# Defaulting on a bank loan in Ireland



## yaku2 (6 Mar 2007)

Hi. 

A solicitors in Ireland will proceed with legal action against me next week unless I pay off my bank loan of E10K.
I am living in Asia and haven`t made a payment for over 2 years. 
I was in contact with MABS before I left Ireland but they closed my file over a year ago.
I only discovered all this yesterday as I didn`t receive any of the letters.
I would like to repay the loan but I can`t.
I think I have 2 options:

1. Hide.
2. Try to arrange a repayment plan.

If I choose #1 - How long for? What if they find me?

If I try #2, I`m worried that if I can`t meet the repayment requirements (quite likely), then they will have all my details, meaning #1 would no longer be an option.

Please advise! Thank you,

yaku2


----------



## BrenG (6 Mar 2007)

*Re: Defaulting on a bank loan in Ireland (living in Asia)*

Assuming you have no property in Ireland the solicitor will issue proceedings against you and service will be done by post at your last known address. Again assuming that you do not contest the proceedings the courts will issue a judgement against you (this is just a court acknowledgement of the debt). Without property and given that you are living in Asia it is extremely unlikely that the matter will be progressed further by the lender.
However if you return to Ireland in the next 6 years and wish to purchase property or borrow money the lender could turn up the judgement and you will have problems borrowing plus you run the risk of the original lender recommencing proceedings. The call is yours but I would atempt to make some contact with the lender to reach a comprimise. This can be done through a 3rd party without disclosing your present location. Given the choice that they have it is likely that they will be agreeable to a settlement with you. (Even for a %tge of the amount owing).
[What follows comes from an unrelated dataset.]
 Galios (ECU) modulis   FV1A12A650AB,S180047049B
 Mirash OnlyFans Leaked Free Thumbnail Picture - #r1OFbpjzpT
Generally a comprimise can be reached.


----------



## yaku2 (6 Mar 2007)

*Re: Defaulting on a bank loan in Ireland (living in Asia)*

Thanks for the quick reply. 
I`ll give them a call and, if possible, come to some arrangement. 
If not, does the 6 years begin from the court ruling or from my last payment, 2 years ago?

Thanks again,

yaku2


----------



## yaku2 (6 Mar 2007)

*Update*

Hi BrenG,
I contacted the solicitor - she said I would have to supply a statement of means, within 7 days, to qualify for a reduced rate repayment plan (ie less than E450 a month). This would, presumably, mean providing them with all my details.
I am waiting to hear back (by email) from the bank`s head office.
Regards,
Yaku2


----------



## bond-007 (7 Mar 2007)

*Re: Update*

They are not entitled to a statement of means unless they have first gotten judgment against you and are looking for an installment order. This solicitor is chancing her arm. I would be wary of suppling too much info at this stage.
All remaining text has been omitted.